- EXERCISE MATERIAL
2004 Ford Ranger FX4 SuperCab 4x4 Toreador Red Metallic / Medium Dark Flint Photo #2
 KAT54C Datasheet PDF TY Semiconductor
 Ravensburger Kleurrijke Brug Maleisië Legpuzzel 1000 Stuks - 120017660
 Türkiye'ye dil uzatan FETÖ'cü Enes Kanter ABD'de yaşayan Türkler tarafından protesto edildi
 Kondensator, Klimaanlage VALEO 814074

- PROBLEM DESCRIPTION
Your output should consist only of the lines from the one containing "KAT54C Datasheet PDF TY Semiconductor" to the end of the records above, each retyped exactly.

- YOUR SOLUTION
 KAT54C Datasheet PDF TY Semiconductor
 Ravensburger Kleurrijke Brug Maleisië Legpuzzel 1000 Stuks - 120017660
 Türkiye'ye dil uzatan FETÖ'cü Enes Kanter ABD'de yaşayan Türkler tarafından protesto edildi
 Kondensator, Klimaanlage VALEO 814074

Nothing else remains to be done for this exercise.